Sin embargo, y por alguna extraña razón, es realmente difícil recibir ese tipo de comentarios honestos. La mayoría de las veces como madres, cuando mostramos vulnerabilidad y abrimos nuestros corazones para mostrar inseguridad, en lugar de recibir empatía recibimos consejos no solicitados, o incluso peor, juicios malintencionados que disminuyen y ridiculizan nuestros sentimientos. En contra parte, muchas otras veces se nos pide que dejemos todo en las manos de Dios. ¿De verdad? Creo en el amor de Dios pero soy muy consciente de que Él no resuelve nuestras necesidades o desafíos a menos que tomemos el control y usemos nuestro libre albedrío para elegir seguir luchando o simplemente darnos por vencidos.

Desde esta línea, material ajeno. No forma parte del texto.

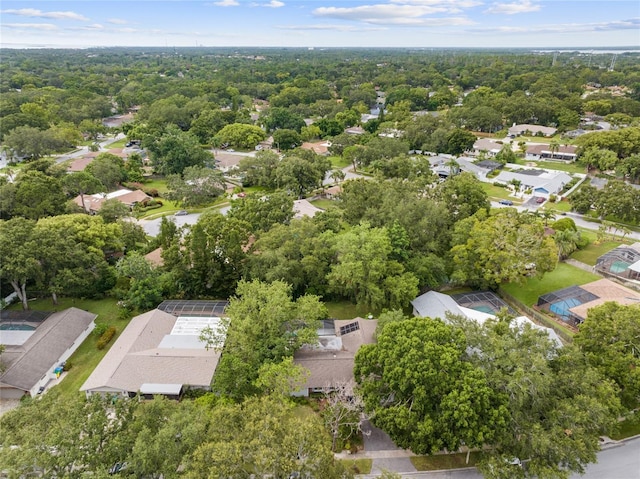 155 Woodcutter Ln, Palm Harbor, FL 34683 - photo 41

La fé que elevamos en oración es la fé que nos inyectamos en el pecho y en el alma para cargarnos de valor y actuar.
Ser el padre de un hijo con necesidades especiales nunca es una tarea fácil. Estoy de acuerdo en que cada hijos tiene sus propios desafíos, pero seamos honestos, las necesidades de un hijo con necesidades especiales son más grandes y no siempre fáciles de cumplir, así que no comparemos lo incomparable. Por eso quiero que los padres sepan que sí, que como padres que crían hijos con necesidades especiales, tenemos derecho a caer, tenemos derecho a llorar, pero nunca debemos perder la fe y nunca debemos olvidar que nuestros hijos dependen plenamente de nosotros y de nuestra decisión de seguir o caer. Una de las mejores maneras de normalizar y aceptar estos sentimientos es decirlo en voz alta:
“Estoy cansado”, “No sé qué hacer”, “Estoy perdido y asustado” y el más importante, “Necesito ayuda.”

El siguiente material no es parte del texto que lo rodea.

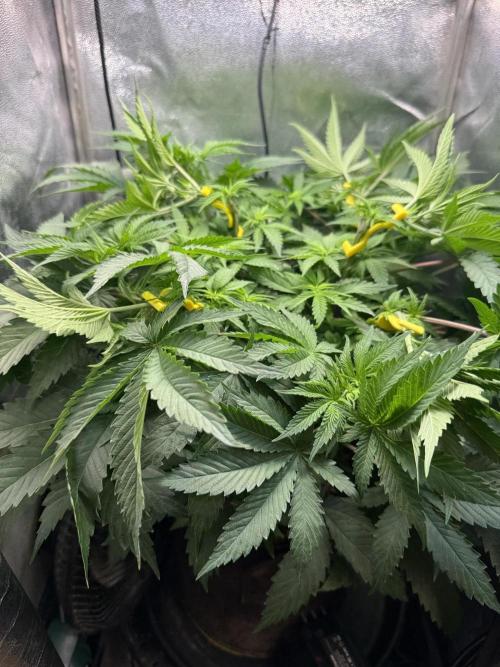 Short veg 40x40 grow. Week 7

Ese es el momento en que los que amamos deberían intervenir y ayudar. A veces la intervención es tan simple como escuchar. A veces el papel de estos seres amados debería ser comenzar esas conversaciones que no queremos tener o estamos evitando por temor. Con tacto y amor tienen que ayudarnos para que podamos abrirnos y expresarnos sin culpa ni vergüenza. Como padres; hermanos y hermanas que viven la misma circunstancia; debemos ser lo suficientemente valientes como para decir: “Yo también he vivido eso.” Con esa frase simple damos a los demás el permiso para ser humanos, para sentirse comprendidos y para creer que serán lo suficientemente fuertes para seguir caminando y avanzar por el amor por sus hijos.
Gracias a las personas más valientes e inspiradoras que conozco, mis verdaderos amigos. Tengo muy pocos pero los amo profundamente. Estos son los que siempre están dispuestos a empatizar incluso con mis sentimientos más complejos, con mis inseguridades más profundas, y son los que me conocen lo suficientemente bien como para amarme profundamente a pesar de mis defectos. Creo que pocas personas conocen y entienden el milagro que la verdadera amistad es. Cuán poderosas y consoladoras pueden ser las palabras en tiempos de crisis, y cuánto podemos hacer y cuántos podemos curar cuando decimos “yo también.”